Por aquel entonces, recuerdo leer un artículo de Manolo Martínez, cantante de Astrud, que enlazaba con uno de los lemas más pronunciados por los detractores de la ley de matrimonio igualitario que se estaba debatiendo entonces en España. En el texto, Manolo venía a decir que el “pero que no lo llamen matrimonio” no hacía sino tratarnos de idiotas a todos aquellos que defendíamos que la unión entre dos personas del mismo género tenía que llamarse matrimonio, porque rebajaba el nivel de debate hasta una cuestión semántica. Como si no supiéramos ni siquiera lo que pedíamos, al estar pidiendo pidiendo un imposible. Porque una rosa es una rosa, la idea que tenemos de una rosa, y por tanto un matrimonio no podía sino ser la idea que todo el mundo tenía de matrimonio.

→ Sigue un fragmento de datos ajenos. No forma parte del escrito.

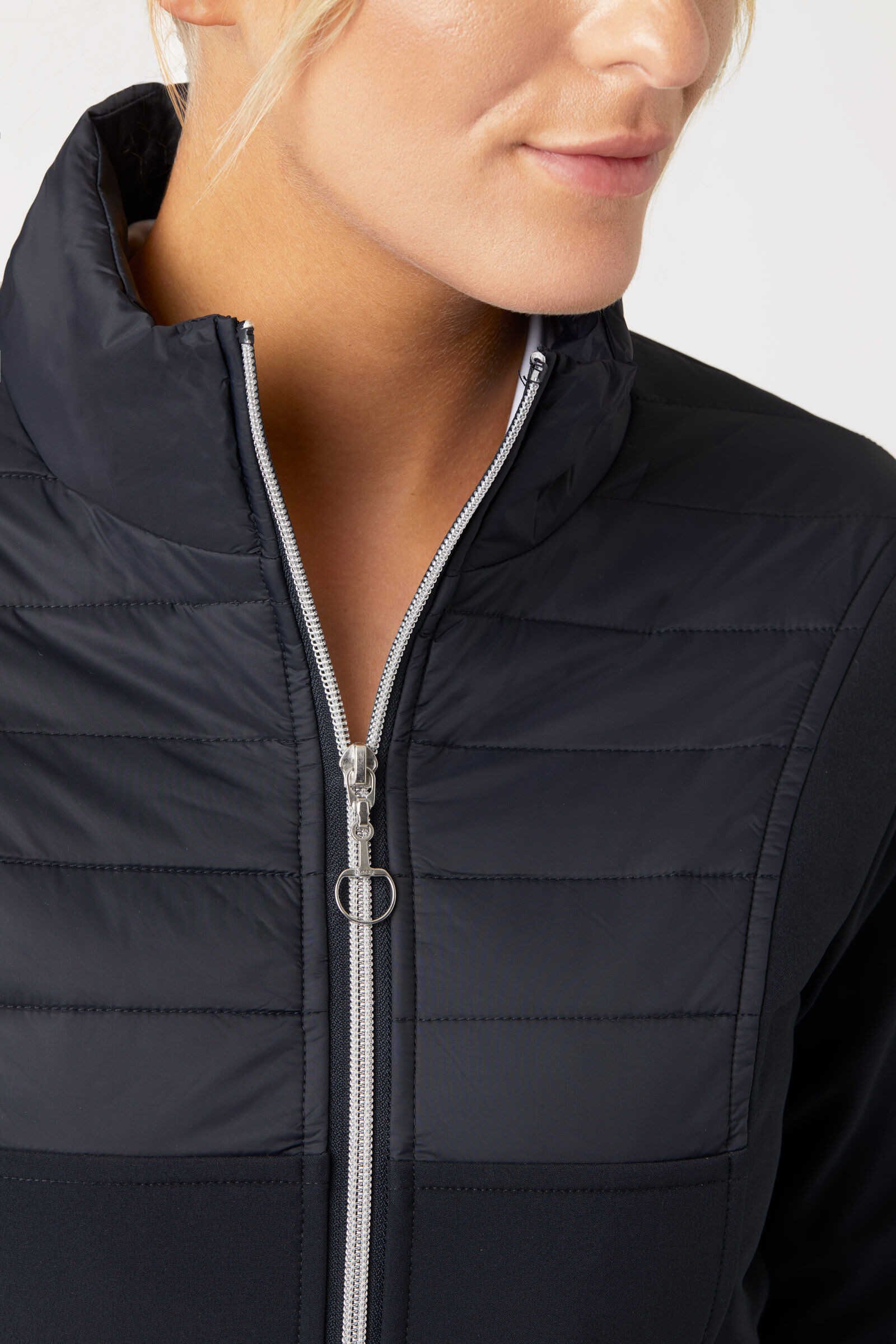 Chaqueta softshell híbrida para mujer Horze Maeve Azul marino oscuro Chaqueta softshell híbrida para mujer Horze Maeve Azul marino oscuro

El asunto, a nosotras, nos parecía sencillo: si lo que implicaba era exactamente igual que las uniones entre un hombre y una mujer, no tenía sentido alguno ponerle un nombre diferente.
Por eso, cuando trece años después sigo viendo a personajes públicos, cabeceras de periódicos, y gente en general, hacer mención a “matrimonios homosexuales”, “matrimonio gay”, y demás sustantivos seguidos de adjetivos que no vienen a cuento, yo sigo preguntándome si esto no es un absurdo, una necesidad de diferenciación que no alberga sino un hecho intrínsecamente perverso en el fondo: que si, que os podéis casar, pero que en realidad no es lo mismo. Porque si fuera lo mismo no tendríamos que distinguir.
Cuando mis amigas se refieren a su esposos, no dicen “mi marido heterosexual”, del mismo modo que, si están casadas con una mujer, no la llaman “mi mujer lesbiana”. Es absurdo. Pero, tal y como decía mi profesor de filosofía, si el lenguaje modela el concepto, lo que se consigue poniéndole apellido a la unión es, obviamente, marcar una distancia. Una validez.
Hay una frase muy famosa de Liz Feldman que dice “It’s very dear to me, the issue of gay marriage. Or as I like to call it: marriage. You know, because I had lunch this afternoon, not “gay lunch”. I parked my car; I didn’t “gay park” it.“, o traducido de manera libre, “me es muy cercano el tema del matrimonio gay, o como me gusta llamarlo, matrimonio. Ya sabes, porque hoy comí, no hice una “comida gay”. Aparqué mi coche, no lo “aparqué de manera gay”. No podría haberlo expresado de manera más clara.
No creo que esto sea una cuestión de etiquetas, del eterno debate sobre si las etiquetas nos definen o nos constriñen, nos ayudan a empoderarnos o nos limitan en nuestra vida. Esto no es, creo, una manera de restarle importancia, del mismo modo que algunos piensan que ser LGBT o no serlo no tiene la más mínima relevancia (que sí que la tiene, todavía). Es, justamente, todo lo contrario: la diferenciación, en este caso, no viene por nuestra parte, sino por la otra, la que nos sigue viendo como algo ajeno, desigual, dispar, porque es algo inferior a lo habitual.